北村「とにかくすてきじゃなかったんですよ。心が躍る空間ではなかった。百貨店ってハレの場であるはずなのに、気持ちが全く晴れない。

オーナーとお会いした時、印象をありのまま正直に伝えました。そしたら先方が『出店だけじゃなくて、ワンフロアまるまるリニューアルしてくれ』って言い出したんです。これには驚きました。でも、百貨店のワンフロアをプロデュースするなんて、そんな機会はなかなかない。しかも相手の本気度がものすごく伝わってきました。『よろしくお願いします』とその場で決断しましたね」

用意された予算は修繕費込みで“たったの1億円”

断りに行ったはずが、むしろ大仕事となって戻ってきたJU米子髙島屋のプロジェクト。課題は山積みだったが、北村氏は“地方のポテンシャル”は感じていたという。

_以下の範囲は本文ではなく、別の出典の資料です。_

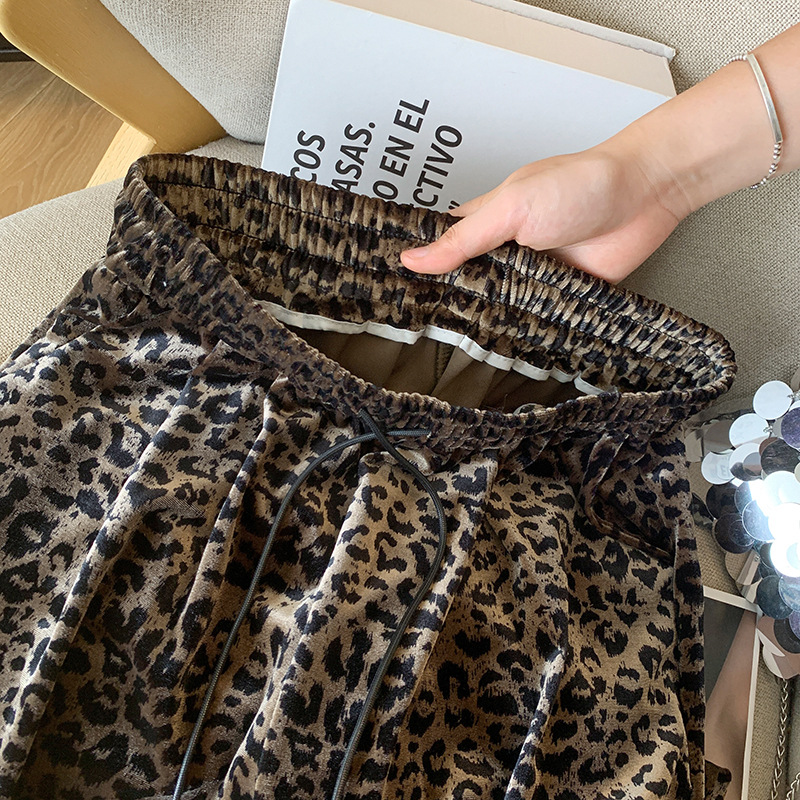 Women's Clothing 2024 autumn new leopard print gold velvet wide leg pants for women high waist drape casual high end straight velvet pants_voghion.com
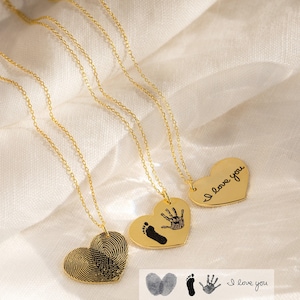 Actual Fingerprint Necklace • Engraved Fingerprint Handwriting Jewelry • Custom Heart Charm • Memorial Necklace • Mom Gift • NM32 image 1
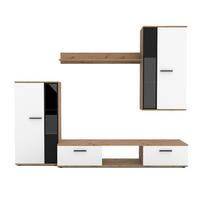 WOHNWAND Formilo Eiche, Artisan Weiß 294/180/40 cm Hochwertige TV Wohnwand - Hellbraun/Weiß, Holzwerkstoff/Kunststoff (294/180/40cm) - AX Living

リビングハウスでは過去に地方の創生を成功させた実績があった。福岡の郊外にある遊休地の倉庫をプロデュースし、1円も生み出していなかった倉庫を、売り上げ1億円ほどの店舗に変えることに成功していたのだ。とはいえ、米子は福岡に比べると圧倒的にアクセスが悪く、課題は山積み。リニューアルはどう進めていったのか。